DEFINITIONS OF DMR TERMS
Talk group is a method of grouping or assembling multiple users (Radio ID’s) to a single contact. Static Talk group is permanently activated on a particular time slot by the repeater sysop. This type of static assignment passes ALL traffic from the DMR network over the air on the time slot it is assigned to. In simple terms, this networks many repeaters together full-time for that particular talk group. Dynamic talk group assignments are used for temporary activation on a time slot on a particular repeater. This type of talk group functions for a set amount of time AFTER a local repeater user activates it by transmitting on a repeater using that talk group in their radio. When the timer expires and no local user has keyed up again for a set amount of time… the time slot and the talk group and release and the repeater is again open only to the talk groups that remain static.
Channel contain the information required to connect to the repeater and select the talk group. Each channel is programmed with the Channel Name, Frequencies, and Talk groups.
Zone is a way of organizing a collection of channels. You can organize zones however you like in your code plug. You can think of them as file folders, and many people organize the zones based on location. The following list is an example of zones that are set up by location:
- Zone 1 – Local DMR Repeater
- Zone 2 – Local DMR Repeater to the East
- Zone 3 – Hotspot
- Zone 4 – Nearby DMR Repeater to the North
- Zone 5 – Nearby DMR Repeater to the South
- Zone 5 – Local Analog Repeaters
Color Code: DMR repeaters use Color Codes (CC) much like analog repeaters use CTCSS (PL) or DCS. To access a repeater you must program your radio to use the same CC as the repeater. There are 16 different CCs (CC0-CC15).

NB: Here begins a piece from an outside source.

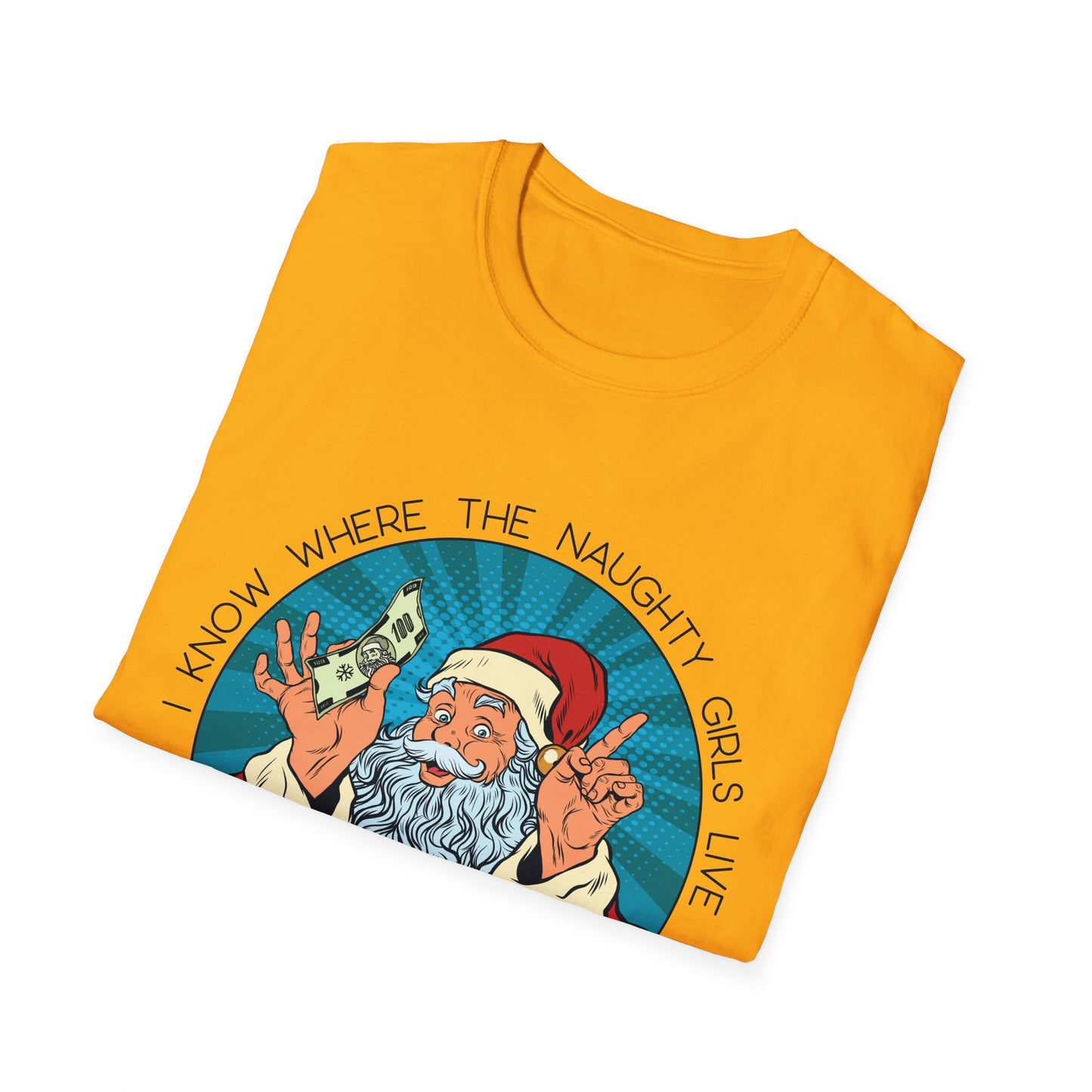 I Know Where the Naughty Girls Live - Unisex Softstyle T-Shirt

• The use of Color Codes is not optional on DMR systems. If your Color Code is not set correctly, you will not be able to access the repeater. The purpose of using different Color Codes is when multiple repeaters are operating on the same frequency and have overlapping coverage areas.
Time Slot: A repeater can support two simultaneous conversations by alternating between two time slots. About 30ms is given to time slot 1, then the transmitter flips to time slot 2 for 30ms, then back to time slot 1, and then to time slot 2. Since you transmit on just one time slot, your radio’s battery lasts longer as it is really only transmitting about half the time you have the PTT keyed. In other words, the repeater’s time is divided so that two different groups of Hams can have access simultaneously via a process known as “Time Division Multiple Access” (TDMA).
Code Plug is a relatively small binary file that’s managed by software a program on your computer and transferred to or from the radio via several proprietary means. It contains the operating frequencies, tone selections, timeout values, system IDs, etc. In some instances, there’s even some parts of the program itself in the code plug which defines a radio’s personality.